Thanks to R and Excel, I was able to manage the data fairly quickly.

First of all, lots of sovereign holdings are classified as Available for Sale (AFS), an accounting classification that allows for the recognition of gains and losses in bank capital. The table below shows that EU banks that participated in the 2016 transparency exercise held 3,77tn euro of sovereigns, of which 1.65tn (43%) in AFS:

analysis1a

This is potentially tricky, given that losses in the AFS category will increasingly affect banks’ Common Equity Tier 1 ratio. The ECB, for example eliminated a filter that protected banks from losses on sovereign AFS debt.[1] In addition, banks are increasingly exposed to swings in values of securities held in AFS, because the CRR phases out the old filter that protected banks from any volatility in their AFS portfolios. By end of this year, at least 60% of unrealised AFS gains and losses shall affect Common Equity Tier 1, next year that will be 70%.

More of a worry is that interest rate risk may affect AFS gains and losses going forward, something that barely attracts the attention of supervisors. But it surely will at some point.
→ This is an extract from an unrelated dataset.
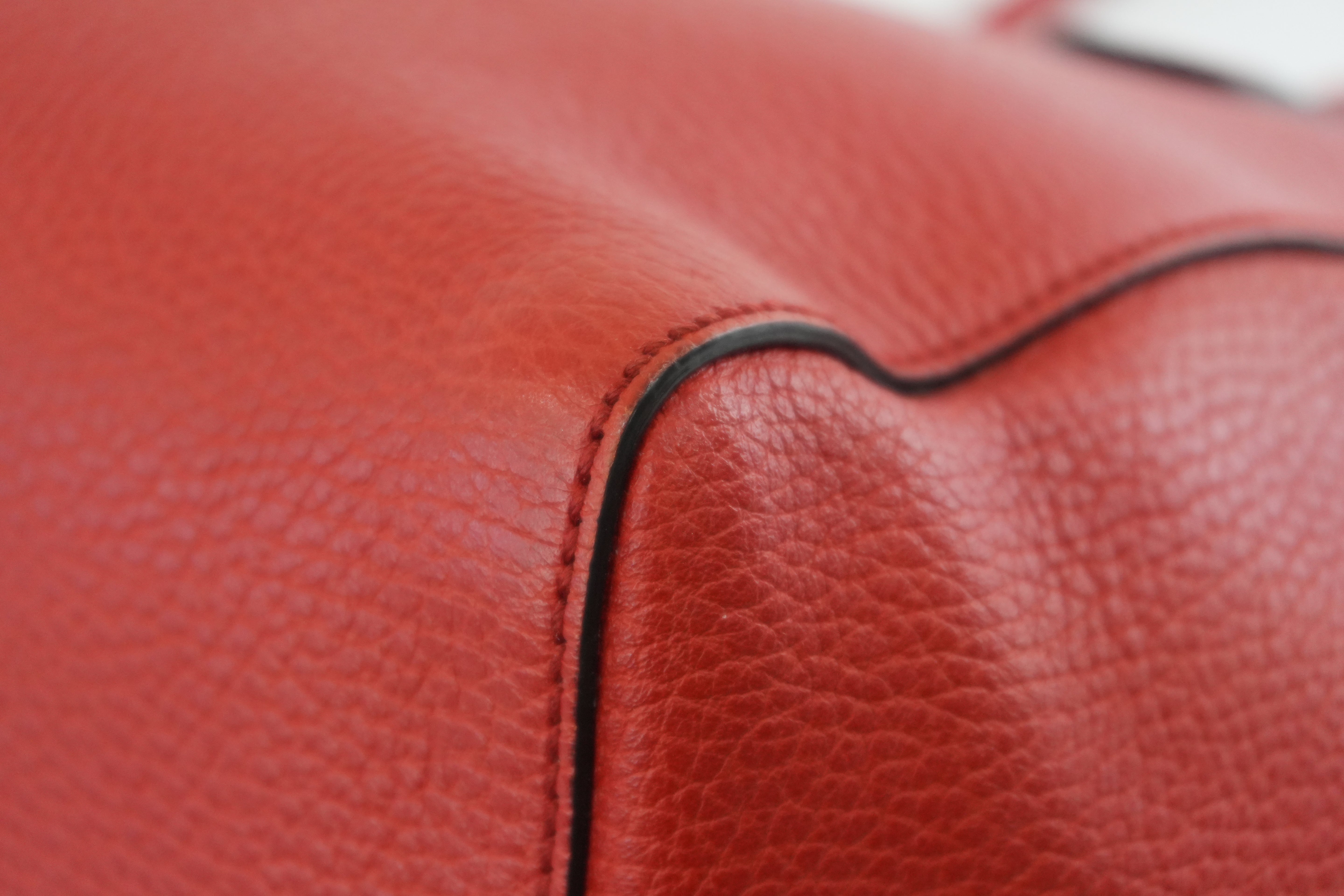 Gucci Swing Tote Bag Leather Red Used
The next table shows a breakdown of the geographical allocation of sovereigns by European banks. The first column shows the banks’ countries of origin. The numbers then show where these banks invest: Austrian banks hold 30% of their own sovereigns, and 0.8% of Belgian sovereigns. The elevated values on the diagonal should not surprise us: banks are happy to invest in home securities.

analysis1

What did surprise me was the holdings of Italian sovereigns by two distinct countries: Belgium (15.4%) and Portugal (13%). These numbers are driven by Dexia for Belgium and by Novo banco for Portugal.

With the Italian referendum this weekend, this boggled my mind: why would these banks expose themselves so oddly?


[1] See Article 14 of the ECB Options and Discretions regulation.